Task requirements:
Reproduce the whole of the records exactly, and make sure no picture is carried into the result.

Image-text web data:

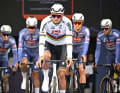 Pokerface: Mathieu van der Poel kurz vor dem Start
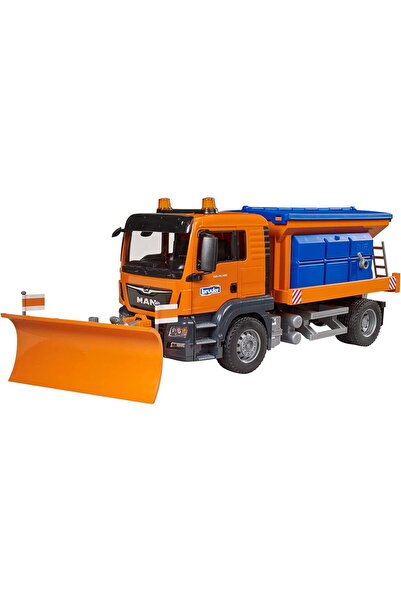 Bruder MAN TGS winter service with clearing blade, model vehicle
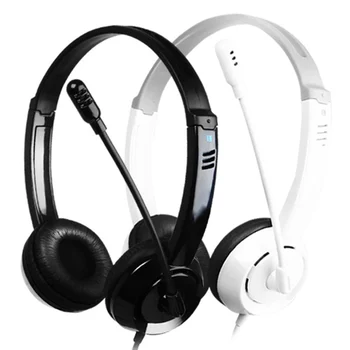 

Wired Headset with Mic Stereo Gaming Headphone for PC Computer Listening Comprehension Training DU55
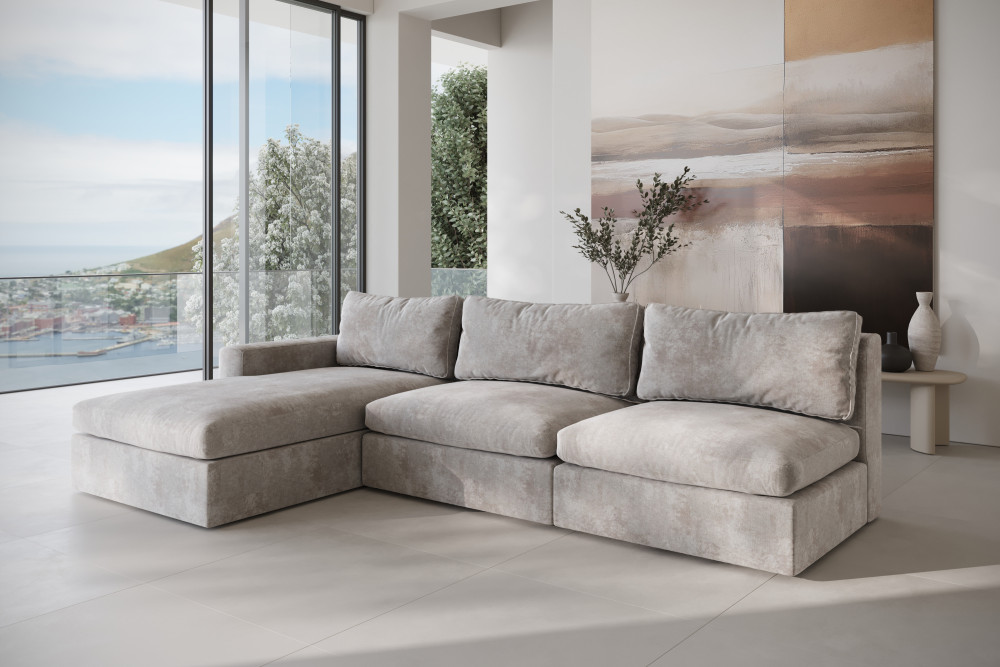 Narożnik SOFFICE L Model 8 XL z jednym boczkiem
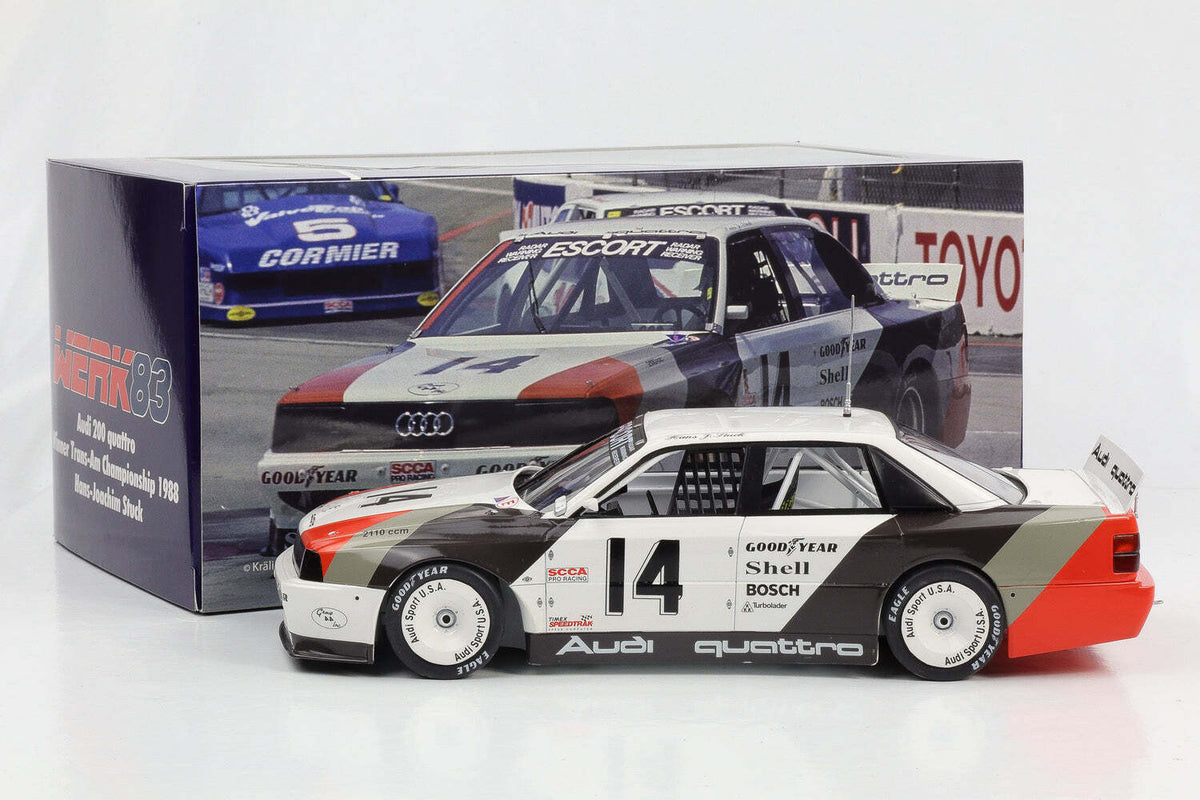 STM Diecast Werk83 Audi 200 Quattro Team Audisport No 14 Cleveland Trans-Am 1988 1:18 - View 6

Expected answer:
 Pokerface: Mathieu van der Poel kurz vor dem Start
 Bruder MAN TGS winter service with clearing blade, model vehicle

Wired Headset with Mic Stereo Gaming Headphone for PC Computer Listening Comprehension Training DU55
 Narożnik SOFFICE L Model 8 XL z jednym boczkiem
 STM Diecast Werk83 Audi 200 Quattro Team Audisport No 14 Cleveland Trans-Am 1988 1:18 - View 6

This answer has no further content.